After decades of epidemiologic and clinical research, the influence of overall diet on health and disease, particularly coronary heart disease (CHD), has become widely accepted. 1 The pioneering ecological and metabolic studies of Keys and colleagues placed the focus on fat types, showing that populations consuming more saturated fatty acids (SFA) had higher blood cholesterol levels and associated higher rates of coronary heart disease (CHD), 2 while individuals fed SFA had increased blood cholesterol levels, as opposed to the effects of monounsaturated (MUFA) or polyunsaturated fatty acids (PUFA). Cholesterol changes derived from switching fatty acid species in the diet were found to be predictable with specific equations. 3-5 Subsequent epidemiologic studies confirmed that elevated serum cholesterol was a strong independent risk factor for CHD. This led to the formulation of the diet-heart hypothesis, whereby high intake of saturated fats leads to elevated cholesterol levels, which in turn promote atherosclerosis, coronary artery occlusion, and subsequent ischemic events. 6 Though the diet-heart hypothesis shaped dietary guidelines towards reduction of all dietary fat, with a concomitant increase in carbohydrates, it proved futile in reducing the incidence of cardiovascular disease (CVD) in women. 7 However, no randomized controlled trial (RCT) of a low-fat diet for effects on CVD events has been conducted in men. In the last three decades, the decreasing fat consumption as percentage of energy in the US population has done little to slow the increasing rates of obesity and type 2 diabetes mellitus (T2DM). 8 It is now widely recognized that higher-fat diets can be beneficial if healthy fats are consumed, while high-carbohydrate diets (particularly those with high glycemic load) might be contributing to CHD 9-12 and other negative health outcomes. 12,13 As reviewed here, healthy, plant-based unsaturated fats are major components of widely consumed edible seeds, such as tree nuts and peanuts.

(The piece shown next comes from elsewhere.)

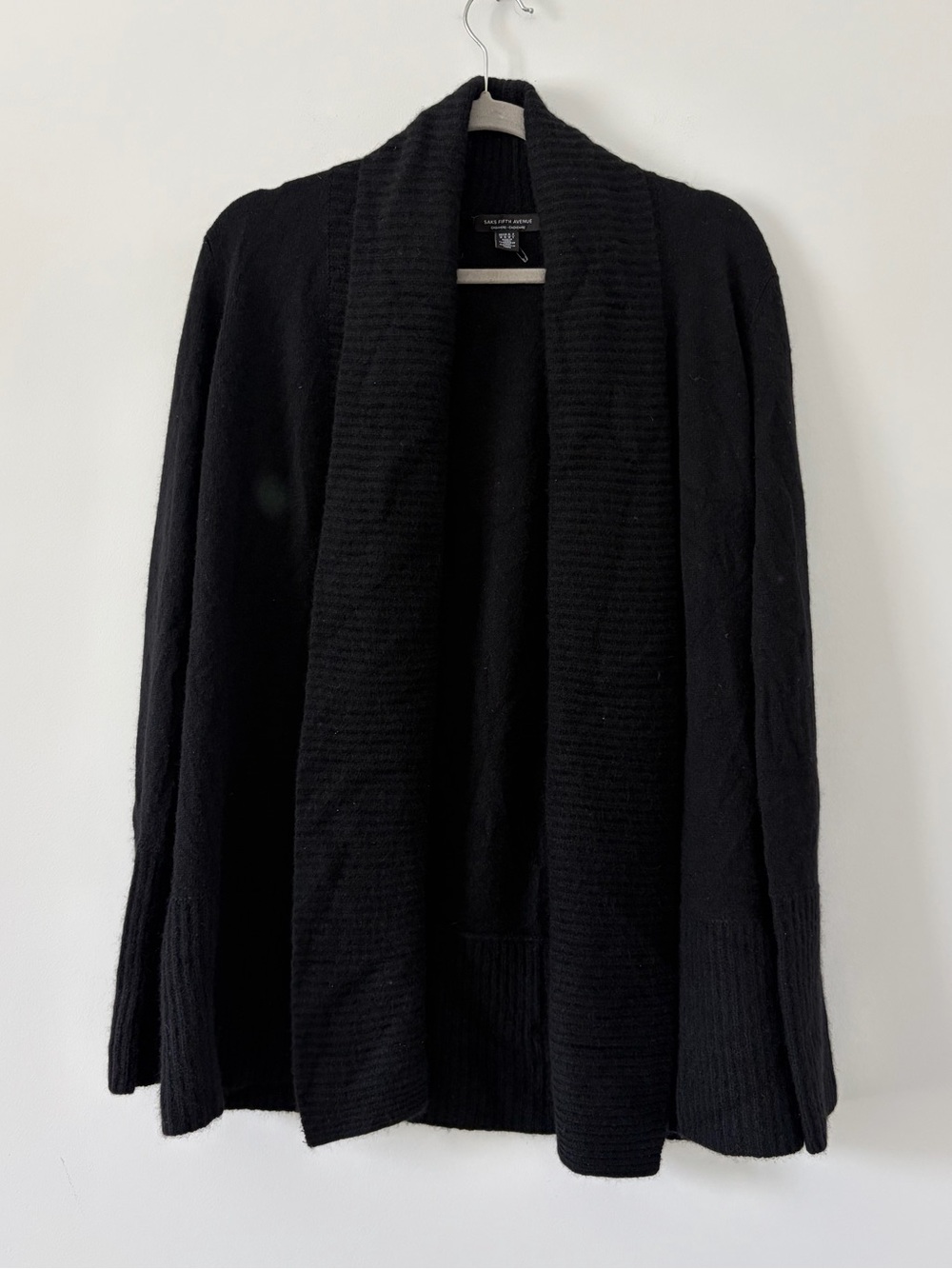 Saks Fifth Avenue Black Cashmere Knit Open Casual Fall Cardigan Sweater M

Among seeds, nuts are particularly rich in vitamin E compounds, mainly α-tocopherol, a well-known antioxidant that, together with vitamin C, carotenoids, and selenium, contributes to the body’s defense against reactive oxygen species. α-Tocopherol, the biologically most active and most frequently studied form of vitamin E, is a lipid-soluble molecule transported in blood in lipoprotein fractions that acts as a peroxyl radical scavenger in lipid environments, preventing lipid peroxidation in lipoproteins and membranes. By reducing LDL oxidation or other mechanisms, vitamin E also displays anti-inflammatory properties, inhibits platelet aggregation, and enhances NO bioavailability. 123 This helps explain the beneficial health effects of lifelong high intake of vitamin E. Thus, a large meta-analysis of 15 cohort studies reported that vitamin E intake was associated with a reduced CHD risk, with RR=0.76 (95% CI, 0.63-0.89) for the top tertile compared with the bottom tertile of intake. 124 However, large-scale RCTs have shown an unexpected lack of efficacy for different doses of supplemental vitamin E or other antioxidants against CVD. 125 A likely reason for the discrepancy between prospective studies and RCTs is that the latter usually enrolled patients with prior CHD or at high risk of CVD; established atherosclerotic damage is unlikely to regress with antioxidant treatment. Likewise, there is no evidence from RCTs that vitamin E helps prevent or manage T2DM. 121 Hence, the use of vitamin E or other antioxidant vitamin supplements for CVD prevention is discouraged, while the recommendation stands for a healthy diet, rich in food sources of antioxidant nutrients such as fruits and vegetables, including seeds. 22
Conflict of Interest Disclosures: Dr. Ros and Dr. Hu have received grants from the California Walnut Commission, Sacramento, CA, and Dr. Ros is a non-paid member of its Scientific Advisory Committee.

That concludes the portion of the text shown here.